50% of the total number of deaths in the US and 13% of the entire world.
I really can’t imagine what my colleagues are going through. Or what Dr. Lorna Breen went through.
Then I heard this story about a doctor who was cross-trained to help out the overburdened ICU docs. By 9 am of his first ICU shift, 4 of his patients had died. He got home that night and started to cry in the driveway. It’s 5 min listen and provides a great perspective. The story is on a podcast I found called TWiV (This Week in Virology). They go deep. I struggle to keep up sometimes, but they are fascinating to listen to. The doc then spends about 10 min describing his observations on why doctors, in general, have thrown so many untested therapeutics at this disease and why we need to get back to evidence-based medicine (a different letter for a different day).
I have two other takeaways from this 3 min story. One, doctors are going to need more psychiatric help than normal. Yes, doctors deal with mental health and drug and alcohol abuse like everyone else. Much of the time they are bad patients and have worse outcomes.
Every doc that works in a hospital has been around death. Certainly, our ICU colleagues see more than most. But this situation is unique. Docs are seeing an unprecedented volume of death that is caused by a disease that didn’t even exist until a few months ago. It is truly mind-boggling and will result in an unprecedented need for physician mental health.
Two, when listening to this story, I finally realized why I started writing these letters. When the pandemic started, I felt anxious and completely impotent to do anything. It stressed me out. I have learned that getting sh*t done is my positive coping mechanism to stress. While I couldn’t go anywhere to help, I have a family, a software company, and an ER job all in Austin, I could educate the people that I know. They hopefully are aware that I have no agenda, I care, I will try to be thoughtful, and I enjoy explaining complex concepts to folks. Hopefully, you find value in this. I trust if you are this far into this muse, you do.

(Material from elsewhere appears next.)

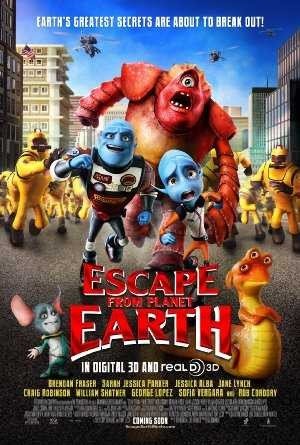 مشاهدة فيلم Escape from Planet Earth 2013 مترجم (2021)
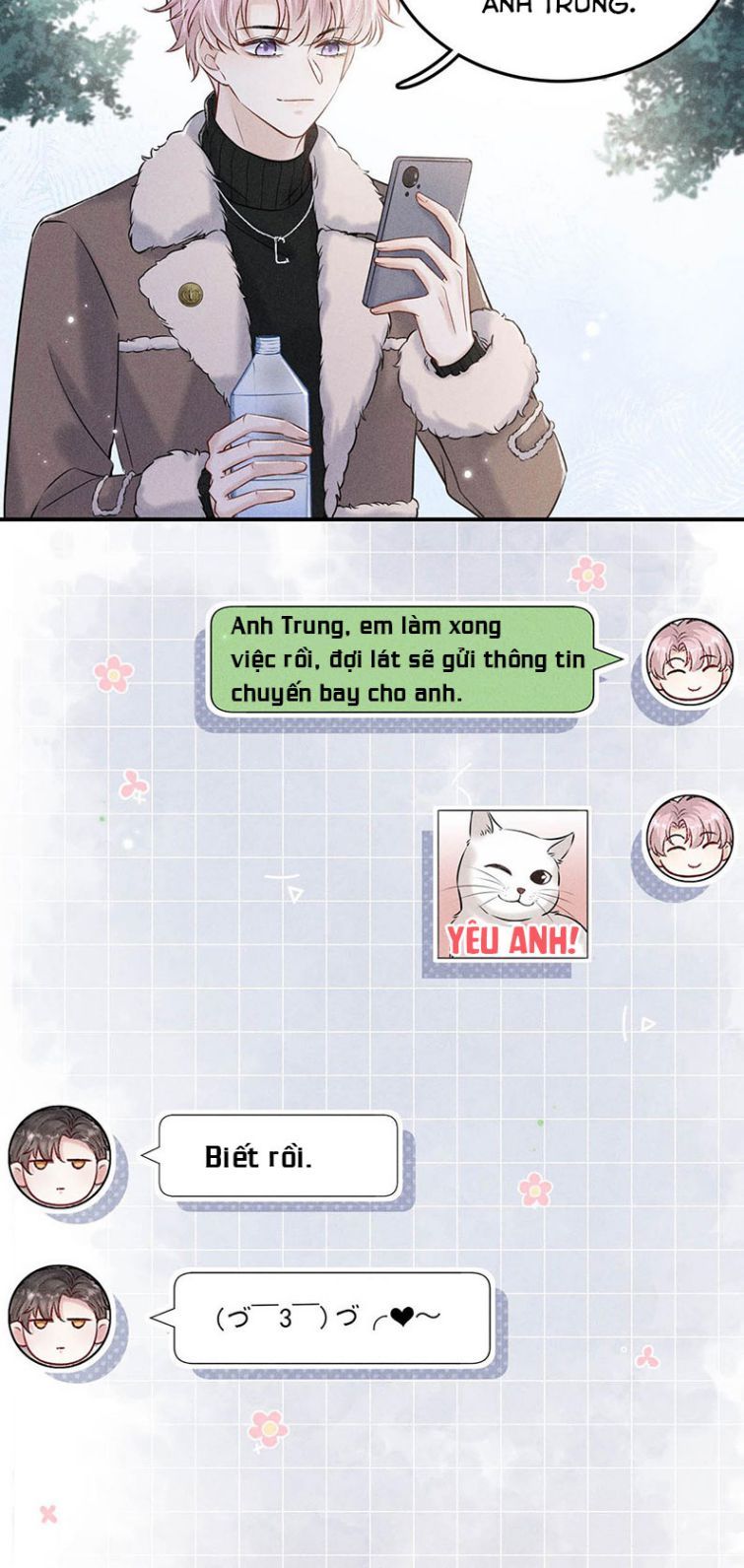 Nước Đổ Đầy Ly Chapter 20 - Trang 2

So, there you have it, these letters are one of the things I am doing to address my unsettled psychological state during this time. Tomorrow I’m going to share what an expert on mental health recommends. Until then…
Stay emotionally connected and physically distant,
PS: An interesting take on veterans. I include this as I mentioned in a prior postscript that the number of COVID deaths surpassed the American deaths in the Vietnam war when we crossed 60k deaths.
PPS: A followup on the COVID + plan letter. I haven’t heard much about the need for family members to talk about what will happen if and when they get COVID. But, one of the regulars on TWiV randomly talks about his COVID (+) plan on this episode.
PPPS: Here is an analysis of the two Remdesivir papers. The bottom line… we need multi-center double-blinded placebo control trails to give us the answers we seek. I hope we didn’t jump the gun here.
PPPPS: Two guys on your head discuss moral injury.